I am one of those people who much prefers to read about walking than to actually walk. I am not talking about those healthy “hike a nature trail across half of North America” types of walking books, but rather those that reflect on philosophy and walking, or perhaps the philosophy of walking. It turns out, there is an entire genre of books on this subject that allow one to meditatively reflect on walking while sitting comfortably in a chair at home.
As usual, we can blame it on the Greeks. The early philosophers were called Peripatetics – Socrates, Plato, and the crowd – because of their habit of walking around while they disputed. Rousseau walked from Paris to Geneva and back a couple of times (mainly because he could not afford the stagecoach fare). Nietzsche was famous for his long walks in the Alps, especially after his mental break down. Kierkegaard paced the streets of Copenhagen being very glum. The list goes on to include poets galore, not only those who wrote romantic nature poetry, but many others as well. Walking and thinking.
And Jesus walked. He walked everywhere. Those few occasions when he did not walk, when he took a boat or rode a donkey, are so freighted with significance that each alone would require an entire essay. He walked and he talked. Jesus did not walk alone, but was followed about by great crowds who wanted to listen in as he taught his disciples. It must have been very exciting to be in this crowd walking along behind Jesus, getting caught up in the movement to bring in the Kingdom of God. It must have been noisy, dusty, and smelly. With the crowds and the noise, it is no wonder that not everyone heard things well, and we have different versions of the same stories (“Blessed are the cheesemakers,” according to Monty Python).

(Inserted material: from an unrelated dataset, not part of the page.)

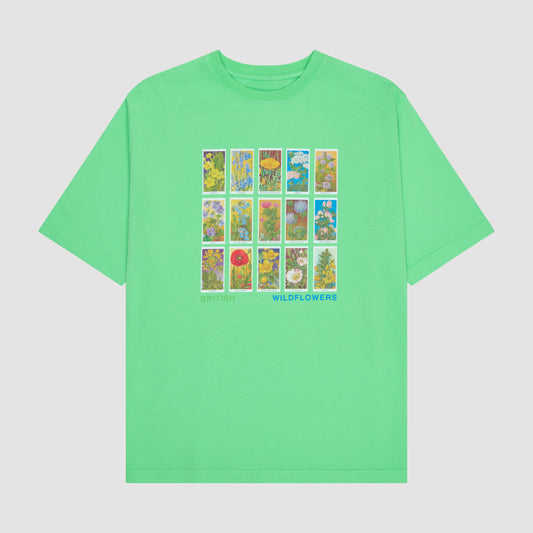 BRITISH WILDFLOWER T-SHIRT - GREEN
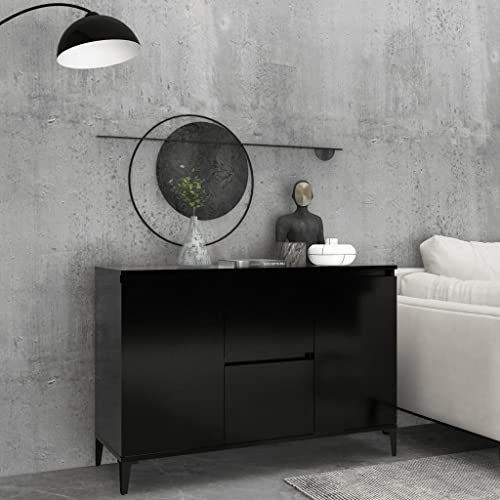 FIRBNUS 104x35x70 cm Aparador Negro Mueble Entrada Recibidor Recibidores De Entrada Aparador Cocina Muebles De Salon Armario Auxiliar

There were times when Jesus had to walk apart. He had to seek out the quiet and the solitude in the hills to pray and to think, and he walked through the desert for 40 days and nights. Walking and praying.
In one of the most common metaphors we hear, we are invited to walk with Jesus. We walk with Jesus because of the sheer physicality and materiality of walking. The physicality of our own bodies exercising and exerting, sweating and being chilled. We become very aware of our bodies, our embodied existence. And we are reminded that God embodied Jesus with the same strengths and limitations as our bodies. And as he walked Jesus was exercising and exerting, sweating and being chilled.
As we walk, we are reminded of the very materiality of the world around us. On pleasant sunny days, we can glory in the joy of the world. On rainy, snowy, -40 days (we are Rupert’s Landers after all), the physical world is much more “in your face,” and it is difficult to give thanks. As Jesus walked, he pointed to the vines and the vineyards, the workers in the fields, the fig trees, the sheep and the goats and told stories about them. The very material world is also called into the Kingdom of God.
As we exert our bodies and we are stung in the face by blowing snow, we have time to think. We can think about what we are going to have for supper, give thanks for what God has granted us this day, or wonder about the relationship between essence and existence. Or do them all at once.
That is the joy of walking. Our minds can fly to the highest heaven and the deepest problem while remaining connected to the nitty, gritty of the everyday world. We are whole: mind, body, spirit, world all united.